Chewy noted as well that market competitors grew only in the low single digits in Q3, where Chewy grew 8% y/y – so recent demand slowdowns are more macro driven than company-specific. It’s worth noting as well that consensus right now is calling for just 2% y/y growth to $2.77 billion in revenue in Q4, which is below Chewy’s own guidance of $2.78-$2.80 billion in revenue. Consensus doesn’t usually sit beneath a company’s own guidance, especially when it has offered bullish remarks on an important shopping holiday within the expected quarter.
In other words, given expectations for Chewy are so muted, it’s a great time for the company to surprise and delight the markets with earnings beat when it next reports in March.
Valuation and key takeaways
At current share prices near $17, Chewy trades at a market cap of $7.51 billion. After we net off the $957.2 million of cash on the company’s most recent balance sheet, Chewy’s resulting enterprise value is $6.55 billion.

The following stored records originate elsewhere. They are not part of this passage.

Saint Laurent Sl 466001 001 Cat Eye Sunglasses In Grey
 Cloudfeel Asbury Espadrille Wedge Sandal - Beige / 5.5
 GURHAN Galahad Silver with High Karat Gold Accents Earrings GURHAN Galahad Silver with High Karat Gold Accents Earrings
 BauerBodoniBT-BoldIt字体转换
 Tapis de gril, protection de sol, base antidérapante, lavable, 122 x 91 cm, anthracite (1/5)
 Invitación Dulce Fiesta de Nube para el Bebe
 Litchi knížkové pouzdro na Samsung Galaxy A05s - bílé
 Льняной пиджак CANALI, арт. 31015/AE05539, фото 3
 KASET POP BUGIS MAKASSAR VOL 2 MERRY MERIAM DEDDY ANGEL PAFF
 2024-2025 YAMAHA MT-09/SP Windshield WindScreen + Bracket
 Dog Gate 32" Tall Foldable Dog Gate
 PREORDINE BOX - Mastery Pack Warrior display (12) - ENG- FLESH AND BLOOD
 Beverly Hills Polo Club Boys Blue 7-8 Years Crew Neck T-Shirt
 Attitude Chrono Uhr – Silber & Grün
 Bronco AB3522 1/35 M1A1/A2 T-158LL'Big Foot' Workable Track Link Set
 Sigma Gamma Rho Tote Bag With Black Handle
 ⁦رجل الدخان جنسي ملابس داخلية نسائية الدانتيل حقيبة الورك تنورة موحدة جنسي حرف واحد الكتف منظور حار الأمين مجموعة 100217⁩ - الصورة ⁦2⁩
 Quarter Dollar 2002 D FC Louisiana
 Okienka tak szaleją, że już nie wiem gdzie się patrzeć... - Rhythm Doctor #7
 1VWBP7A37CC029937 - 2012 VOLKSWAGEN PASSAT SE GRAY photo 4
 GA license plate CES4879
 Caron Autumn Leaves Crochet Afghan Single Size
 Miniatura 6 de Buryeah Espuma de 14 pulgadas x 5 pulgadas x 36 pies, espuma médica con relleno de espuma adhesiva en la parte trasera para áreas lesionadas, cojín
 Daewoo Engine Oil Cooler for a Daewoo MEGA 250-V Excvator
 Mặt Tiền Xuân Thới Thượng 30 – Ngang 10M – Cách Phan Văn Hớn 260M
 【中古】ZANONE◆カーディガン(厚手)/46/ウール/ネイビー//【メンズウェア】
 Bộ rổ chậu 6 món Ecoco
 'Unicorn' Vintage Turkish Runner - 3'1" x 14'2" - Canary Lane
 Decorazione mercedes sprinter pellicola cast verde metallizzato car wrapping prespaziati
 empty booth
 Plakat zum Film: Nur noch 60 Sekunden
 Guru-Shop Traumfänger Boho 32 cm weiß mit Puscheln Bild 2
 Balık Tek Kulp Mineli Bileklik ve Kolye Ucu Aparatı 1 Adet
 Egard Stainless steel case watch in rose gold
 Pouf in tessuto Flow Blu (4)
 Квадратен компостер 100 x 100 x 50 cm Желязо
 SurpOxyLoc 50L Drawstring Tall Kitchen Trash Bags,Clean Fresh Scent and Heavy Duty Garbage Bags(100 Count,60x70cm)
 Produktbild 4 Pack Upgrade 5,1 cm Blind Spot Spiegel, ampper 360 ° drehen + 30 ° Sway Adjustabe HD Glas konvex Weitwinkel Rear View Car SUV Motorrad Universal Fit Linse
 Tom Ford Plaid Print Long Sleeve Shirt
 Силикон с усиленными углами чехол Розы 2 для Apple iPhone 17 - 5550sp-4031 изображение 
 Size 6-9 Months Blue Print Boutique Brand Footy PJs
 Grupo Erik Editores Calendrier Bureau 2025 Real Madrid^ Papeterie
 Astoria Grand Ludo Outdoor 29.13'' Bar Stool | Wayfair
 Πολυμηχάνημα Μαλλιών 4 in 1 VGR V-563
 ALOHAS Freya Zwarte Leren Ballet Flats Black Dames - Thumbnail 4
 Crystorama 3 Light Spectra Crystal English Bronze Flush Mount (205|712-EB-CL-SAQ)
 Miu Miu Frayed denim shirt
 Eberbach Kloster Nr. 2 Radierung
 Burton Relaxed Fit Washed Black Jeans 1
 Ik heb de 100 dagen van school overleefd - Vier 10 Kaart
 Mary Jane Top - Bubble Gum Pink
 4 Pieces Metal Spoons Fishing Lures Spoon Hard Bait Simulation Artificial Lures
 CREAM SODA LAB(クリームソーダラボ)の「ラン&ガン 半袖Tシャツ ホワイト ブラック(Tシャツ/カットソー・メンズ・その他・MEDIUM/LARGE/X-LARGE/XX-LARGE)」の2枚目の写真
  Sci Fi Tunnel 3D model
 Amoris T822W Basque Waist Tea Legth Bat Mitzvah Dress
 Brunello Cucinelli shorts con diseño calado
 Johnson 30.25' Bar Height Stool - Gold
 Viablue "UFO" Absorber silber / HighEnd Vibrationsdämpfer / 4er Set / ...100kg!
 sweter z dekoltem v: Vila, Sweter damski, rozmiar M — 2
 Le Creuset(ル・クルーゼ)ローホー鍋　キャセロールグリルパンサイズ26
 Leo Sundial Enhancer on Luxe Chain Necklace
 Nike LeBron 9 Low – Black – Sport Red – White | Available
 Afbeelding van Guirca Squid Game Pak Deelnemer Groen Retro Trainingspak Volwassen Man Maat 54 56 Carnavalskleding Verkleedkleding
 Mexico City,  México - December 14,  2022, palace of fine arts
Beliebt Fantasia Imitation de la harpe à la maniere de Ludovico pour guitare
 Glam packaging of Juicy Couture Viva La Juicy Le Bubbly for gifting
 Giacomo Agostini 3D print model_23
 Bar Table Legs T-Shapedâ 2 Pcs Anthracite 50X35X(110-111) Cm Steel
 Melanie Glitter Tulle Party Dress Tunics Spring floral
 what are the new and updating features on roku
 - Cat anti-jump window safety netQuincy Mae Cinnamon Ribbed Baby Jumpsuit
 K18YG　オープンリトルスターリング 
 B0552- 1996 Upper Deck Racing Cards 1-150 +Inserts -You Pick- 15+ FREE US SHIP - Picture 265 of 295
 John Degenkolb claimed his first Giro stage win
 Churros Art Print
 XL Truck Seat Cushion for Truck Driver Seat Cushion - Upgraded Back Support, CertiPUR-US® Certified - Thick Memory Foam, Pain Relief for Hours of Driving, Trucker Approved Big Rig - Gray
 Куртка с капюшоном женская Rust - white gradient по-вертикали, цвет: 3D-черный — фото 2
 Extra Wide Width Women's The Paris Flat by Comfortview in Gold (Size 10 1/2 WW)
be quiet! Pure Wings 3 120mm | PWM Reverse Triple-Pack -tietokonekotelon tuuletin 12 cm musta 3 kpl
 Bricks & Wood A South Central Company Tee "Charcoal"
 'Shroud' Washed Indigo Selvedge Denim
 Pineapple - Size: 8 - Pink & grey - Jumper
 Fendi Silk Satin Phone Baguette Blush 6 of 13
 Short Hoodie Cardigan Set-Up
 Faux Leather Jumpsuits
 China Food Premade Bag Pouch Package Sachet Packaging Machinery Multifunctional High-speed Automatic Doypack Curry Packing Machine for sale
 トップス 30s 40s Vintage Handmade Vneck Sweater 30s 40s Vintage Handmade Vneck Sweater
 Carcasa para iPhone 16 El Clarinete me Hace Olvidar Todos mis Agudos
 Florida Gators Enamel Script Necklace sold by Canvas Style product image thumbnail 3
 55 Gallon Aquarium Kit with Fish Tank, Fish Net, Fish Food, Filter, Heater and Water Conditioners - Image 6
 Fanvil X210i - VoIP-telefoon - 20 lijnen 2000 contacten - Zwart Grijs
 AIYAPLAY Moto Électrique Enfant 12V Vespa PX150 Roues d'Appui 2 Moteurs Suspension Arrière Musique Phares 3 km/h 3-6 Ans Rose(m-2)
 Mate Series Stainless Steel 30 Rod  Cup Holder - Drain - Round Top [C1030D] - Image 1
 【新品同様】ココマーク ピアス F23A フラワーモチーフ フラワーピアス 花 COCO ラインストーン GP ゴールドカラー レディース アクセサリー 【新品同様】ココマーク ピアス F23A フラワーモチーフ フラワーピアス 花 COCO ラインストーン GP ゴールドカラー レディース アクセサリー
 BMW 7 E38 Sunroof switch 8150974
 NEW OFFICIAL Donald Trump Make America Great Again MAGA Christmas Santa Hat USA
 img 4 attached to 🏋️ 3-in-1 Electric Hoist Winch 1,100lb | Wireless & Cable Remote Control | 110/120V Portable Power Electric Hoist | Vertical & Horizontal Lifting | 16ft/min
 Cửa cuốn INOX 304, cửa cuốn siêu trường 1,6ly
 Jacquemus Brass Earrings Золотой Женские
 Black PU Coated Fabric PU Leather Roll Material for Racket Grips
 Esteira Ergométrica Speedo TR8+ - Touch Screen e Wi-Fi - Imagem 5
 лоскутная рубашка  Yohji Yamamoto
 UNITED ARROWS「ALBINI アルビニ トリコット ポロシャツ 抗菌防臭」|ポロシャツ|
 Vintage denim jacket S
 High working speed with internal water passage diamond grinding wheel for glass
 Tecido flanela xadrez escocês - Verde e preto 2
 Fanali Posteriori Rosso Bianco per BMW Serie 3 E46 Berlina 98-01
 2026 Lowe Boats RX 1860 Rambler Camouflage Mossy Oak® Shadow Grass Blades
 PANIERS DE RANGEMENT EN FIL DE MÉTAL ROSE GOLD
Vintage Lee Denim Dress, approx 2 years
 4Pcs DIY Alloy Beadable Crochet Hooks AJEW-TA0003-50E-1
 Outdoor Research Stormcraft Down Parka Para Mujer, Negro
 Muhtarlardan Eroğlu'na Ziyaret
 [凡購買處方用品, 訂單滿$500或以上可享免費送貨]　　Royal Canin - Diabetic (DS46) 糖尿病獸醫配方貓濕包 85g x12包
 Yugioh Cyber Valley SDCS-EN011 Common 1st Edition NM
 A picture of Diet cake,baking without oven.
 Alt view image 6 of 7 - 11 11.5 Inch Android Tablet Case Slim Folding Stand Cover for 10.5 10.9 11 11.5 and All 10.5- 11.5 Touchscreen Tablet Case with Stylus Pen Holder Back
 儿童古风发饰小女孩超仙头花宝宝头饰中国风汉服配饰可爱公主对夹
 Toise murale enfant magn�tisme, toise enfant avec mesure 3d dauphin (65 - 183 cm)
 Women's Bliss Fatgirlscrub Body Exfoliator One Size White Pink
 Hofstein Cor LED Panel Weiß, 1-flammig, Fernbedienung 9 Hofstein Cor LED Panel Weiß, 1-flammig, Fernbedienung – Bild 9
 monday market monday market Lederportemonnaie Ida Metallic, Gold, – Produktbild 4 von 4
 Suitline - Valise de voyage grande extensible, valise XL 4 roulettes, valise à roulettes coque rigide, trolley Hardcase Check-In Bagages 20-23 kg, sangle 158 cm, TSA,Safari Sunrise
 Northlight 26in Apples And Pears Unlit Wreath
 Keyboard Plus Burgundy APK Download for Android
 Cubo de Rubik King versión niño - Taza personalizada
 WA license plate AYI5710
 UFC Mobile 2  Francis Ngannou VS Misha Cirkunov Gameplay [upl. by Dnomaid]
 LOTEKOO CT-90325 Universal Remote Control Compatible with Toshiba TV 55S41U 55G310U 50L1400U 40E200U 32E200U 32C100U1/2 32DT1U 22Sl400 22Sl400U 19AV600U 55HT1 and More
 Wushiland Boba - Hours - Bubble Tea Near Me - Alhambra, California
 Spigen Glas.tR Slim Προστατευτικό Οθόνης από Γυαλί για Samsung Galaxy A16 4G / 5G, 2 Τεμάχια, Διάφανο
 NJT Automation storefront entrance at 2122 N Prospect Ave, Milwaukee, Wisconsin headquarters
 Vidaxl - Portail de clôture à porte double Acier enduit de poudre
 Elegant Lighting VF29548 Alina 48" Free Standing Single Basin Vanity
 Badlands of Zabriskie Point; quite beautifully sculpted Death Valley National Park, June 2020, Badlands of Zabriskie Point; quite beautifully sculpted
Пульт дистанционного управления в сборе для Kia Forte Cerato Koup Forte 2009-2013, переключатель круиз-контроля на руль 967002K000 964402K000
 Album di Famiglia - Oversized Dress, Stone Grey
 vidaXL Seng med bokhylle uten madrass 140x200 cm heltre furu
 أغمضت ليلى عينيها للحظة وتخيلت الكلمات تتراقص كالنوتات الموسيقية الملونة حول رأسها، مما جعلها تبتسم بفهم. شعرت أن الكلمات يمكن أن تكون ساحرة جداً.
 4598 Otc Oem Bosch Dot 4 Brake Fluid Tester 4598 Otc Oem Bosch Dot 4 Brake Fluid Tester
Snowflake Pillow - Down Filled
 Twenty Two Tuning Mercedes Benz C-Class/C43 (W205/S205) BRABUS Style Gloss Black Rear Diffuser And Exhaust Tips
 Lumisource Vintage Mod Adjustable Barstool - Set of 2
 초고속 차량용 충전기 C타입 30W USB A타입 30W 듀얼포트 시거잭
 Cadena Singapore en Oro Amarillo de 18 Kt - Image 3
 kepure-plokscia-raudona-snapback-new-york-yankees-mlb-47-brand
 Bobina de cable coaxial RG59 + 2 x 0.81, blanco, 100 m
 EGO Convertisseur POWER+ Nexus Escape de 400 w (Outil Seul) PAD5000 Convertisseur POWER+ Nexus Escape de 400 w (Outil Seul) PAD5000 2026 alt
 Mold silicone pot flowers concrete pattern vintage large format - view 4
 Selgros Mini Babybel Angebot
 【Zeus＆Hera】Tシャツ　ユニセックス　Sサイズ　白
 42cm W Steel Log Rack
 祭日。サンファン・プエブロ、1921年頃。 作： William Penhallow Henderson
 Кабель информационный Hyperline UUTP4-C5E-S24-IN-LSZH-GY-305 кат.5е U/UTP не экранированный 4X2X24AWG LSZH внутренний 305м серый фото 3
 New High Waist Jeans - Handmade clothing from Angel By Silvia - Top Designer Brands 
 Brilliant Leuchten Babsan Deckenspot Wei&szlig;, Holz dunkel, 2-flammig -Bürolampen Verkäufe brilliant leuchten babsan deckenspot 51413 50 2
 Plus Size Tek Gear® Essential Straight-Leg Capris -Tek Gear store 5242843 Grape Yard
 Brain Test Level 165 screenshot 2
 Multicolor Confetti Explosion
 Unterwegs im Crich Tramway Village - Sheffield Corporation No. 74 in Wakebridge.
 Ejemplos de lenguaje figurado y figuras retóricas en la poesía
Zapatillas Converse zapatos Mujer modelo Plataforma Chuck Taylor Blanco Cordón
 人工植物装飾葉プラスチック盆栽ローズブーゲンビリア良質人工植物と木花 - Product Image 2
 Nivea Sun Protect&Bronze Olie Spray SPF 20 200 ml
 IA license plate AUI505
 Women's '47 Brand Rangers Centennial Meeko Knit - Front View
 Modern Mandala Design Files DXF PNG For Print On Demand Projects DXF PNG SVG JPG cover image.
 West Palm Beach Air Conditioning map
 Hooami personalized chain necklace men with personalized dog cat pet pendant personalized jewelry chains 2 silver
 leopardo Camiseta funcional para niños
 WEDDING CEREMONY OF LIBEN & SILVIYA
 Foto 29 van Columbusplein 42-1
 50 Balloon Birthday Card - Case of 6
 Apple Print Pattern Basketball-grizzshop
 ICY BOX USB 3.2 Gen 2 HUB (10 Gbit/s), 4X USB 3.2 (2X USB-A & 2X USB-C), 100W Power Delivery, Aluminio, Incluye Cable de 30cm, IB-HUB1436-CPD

For the current fiscal year FY25, meanwhile, (the year for Chewy ending in January 2025), Wall Street analysts are expecting the company to generate $11.64 billion in revenue, or 5% y/y growth. If we conservatively assume Chewy holds its current adjusted EBITDA margin profile of 3.4% (YTD FY24) on that revenue base, the company would generate $396 million of adjusted EBITDA, and its valuation stands at 16.5x EV/FY25 revenue.
That’s of course not a multiple that immediately screams “cheap” – but given the levers to margin expansion (layoffs, gross margin gains, revenue re-acceleration and international expansion, and more services offerings such as telehealth) I’d say this is still a great stock to bet on.